Nowadays the golden visions of the grim and gritty classics that revolutionized what could be done with cinema are a little too rose colored. What was a breaking of tradition now has its own perceived rules and regulations. A ‘grind house’ film is no longer an ideal, it’s a formula based on the work of notable directors. The new exploitation films are copies of other exploitation films that by this point were probably also copies of earlier surprise successes born of passion.

The passion is still here but the craft is gone. That’s why I initially assumed this was an intentional parody: from the meme-tactic title to the John Carpenteresque synth score. But Clownado is a weirder entity: an attempt to recapture an era’s anarchistic and outrageous sentiments going exclusively by second generation fandom. This isn’t so much determining why Melvin Van Peebles or Dario Argento made the movies they did, it’s recreating iconic scenes and styles from their most famous works without the nuance, historic context, or personal vision. It’s the difference between Di Vinci painting The Mona Lisa as a commission and someone nowadays copying the same painting with all of the cultural baggage its accumulated over the years.

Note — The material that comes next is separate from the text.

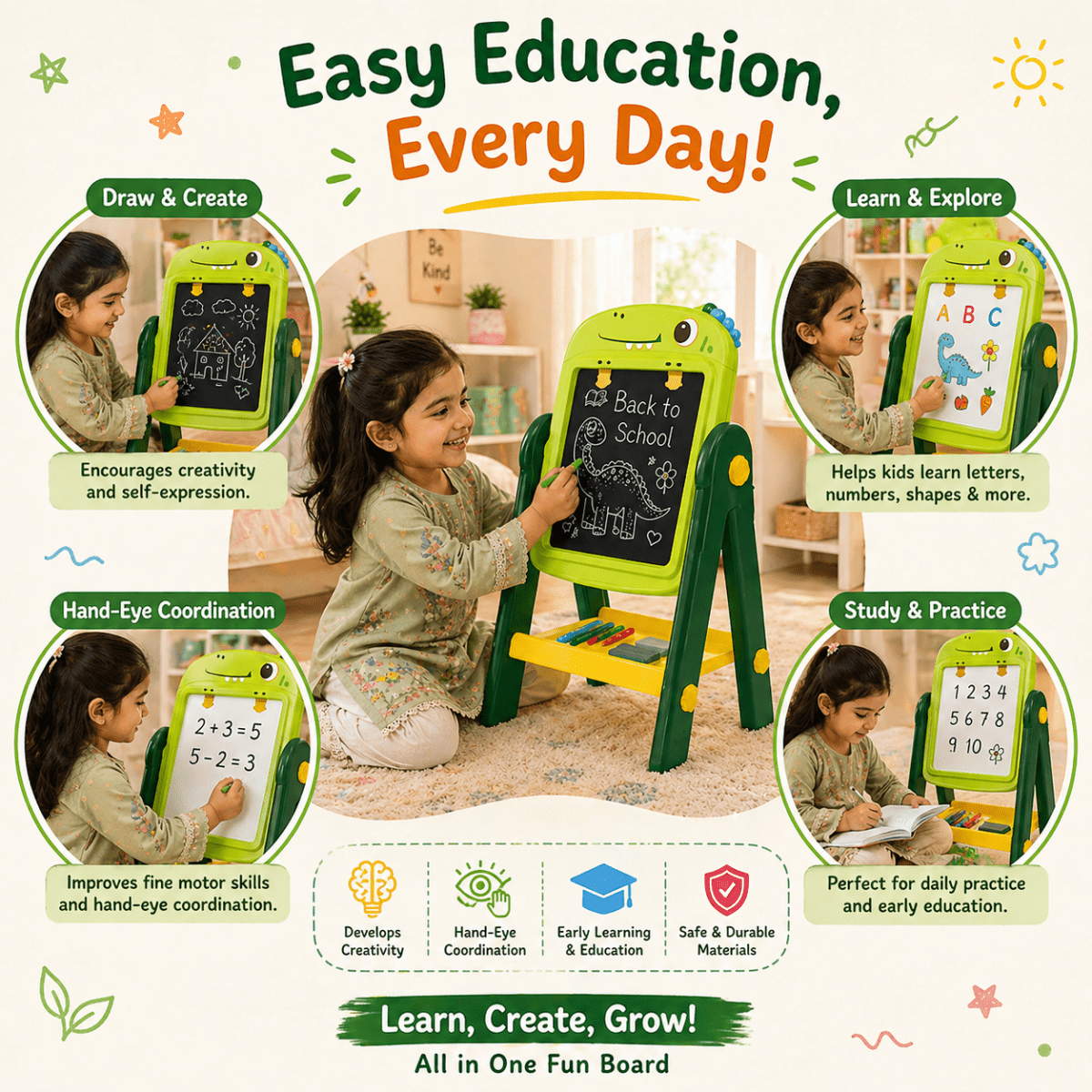 Artist Kids Dino Drawing Easel Board – Double-Sided Creative Learning Station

Clownado is genuinely devoted to goopy gore, nudity, turning the air blue and being as excessive as it can be, but it’s a testament to years of this kind of thing how unintentionally adorable it all seems. There’s no guile here. It’s an odd statement for a movie with cannibalism, but from the odd purposefully humorous line to the clear dedication to as faithful a reproduction of a certain kind of cinema within limited means I found myself smiling during some of the most gruesome scenes.

Maybe that was the intention. Another issue with send-ups is trying to find out where the joke starts and the real attempt at validity comes in. How much of Clownado is intended to be taken seriously?
From the premise and quirky characters you might say ‘not a thing’…but then a heartfelt moment crops up, an attempt at suspense or horror emerges, and it feels like two different directors with very different visions somehow collided. It’s also WAY too long for either a goofy or even a splattery horror movie. Very little is clear-cut, but maybe that’s also intentional? Where does the spoof end and the ‘movie’ begin?

I’d recommend Clownado only to those looking for very low tier ‘so bad it’s good’ modern movies. You’ll get some amusement at the bad dubbing, bad special effects, awkward dialogue…etc.
Then again this movie also has lots of nudity, lovingly lingering gore, and those aforementioned moments of nigh sentiment that all doesn’t feel like a parody of an exploitation film so much as literally intending to make a modern equivalent.

It’s ultimately a mess, but it’s a constantly intriguing mess at the very least. A mess from the heart.